Lastly, we compiled national incarceration data from the Institute for Crime & Justice Policy Research or directly from governments.

16 The total number of incarcerated individuals per year in each country was considered the average number in that given year. For each year, we requested data for the absolute number of incarcerated individuals, annual prison population rate, prison occupancy, number of penitentiary institutions, incarcerated individuals who were female, and pre-trial detainees. Occupancy was calculated as the number of incarcerated individuals divided by the capacity in those prisons. Additionally, we collected country-level metadata on economic (gross domestic product, World Bank income status, fragile states index, Human Development Index) and disease-specific characteristics (tuberculosis notifications and incidence, and HIV prevalence) from publicly available sources. We extracted WHO estimates of tuberculosis notification and incidence rates in the general population for each year and country.

Statistical analysis

A joint hierarchical Bayesian meta-regression framework was developed to model and predict tuberculosis incidence, notifications, and prevalence from all countries globally over time. Our primary outputs from the joint model were tuberculosis incidence and notifications. Incidence estimates among incarcerated individuals were taken from studies with active case finding interventions either as part of the study or as the routine standard of care. We constructed tuberculosis notification rates for each country by dividing the total number of diagnosed and reported cases by the total number of incarcerated individuals per year in that country.

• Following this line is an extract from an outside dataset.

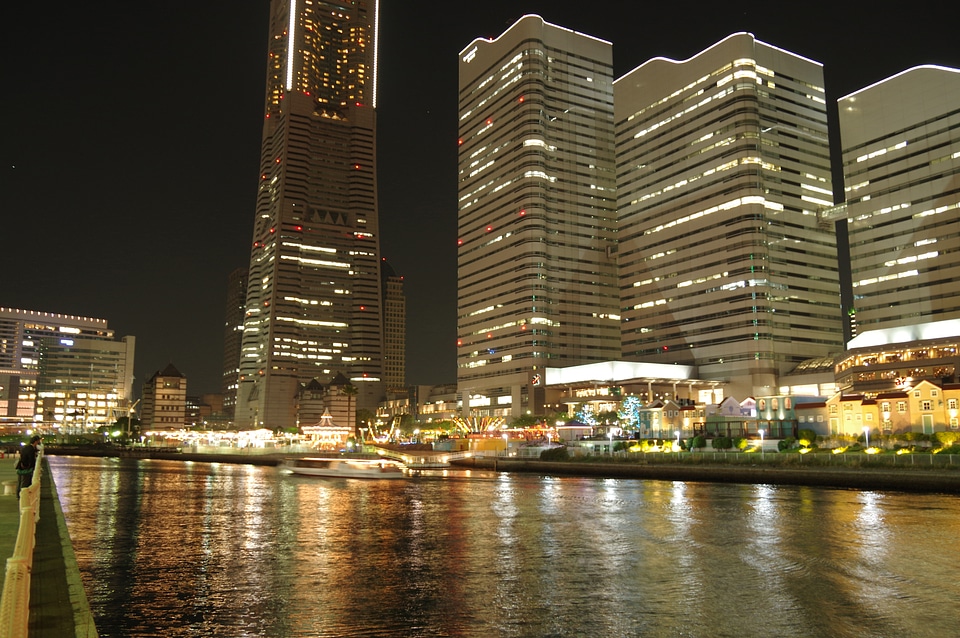 6 Night view in Yokohama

In the meta-regression framework, true but unobserved cohort-level incidence was modelled as a function of predictors from the corresponding country and year. This included the notification rate, national incidence level, national income level (high, upper-middle, lower-middle, or low), and region-specific, country-specific, year-specific, and study-specific random effects. The random effects account for correlation between estimates from similar locations and times and the same study, and ensure accurate statistical inference for the predictions. In instances where country-level notifications among incarcerated individuals were known in a specific year, they were used directly as a predictor in the incidence regression model. Because we assumed that country-level notifications would be an important predictor of tuberculosis incidence, in situations where notifications were unknown, we developed a separate negative binomial regression model to estimate the missing predictor. This model used notifications at the year and country level as the outcome and the log of the number of incarcerated individuals as an offset term (ie, denominator). The same predictors included in the incidence regression model were used as well as global-specific, region-specific, country-specific, and year-specific random effects.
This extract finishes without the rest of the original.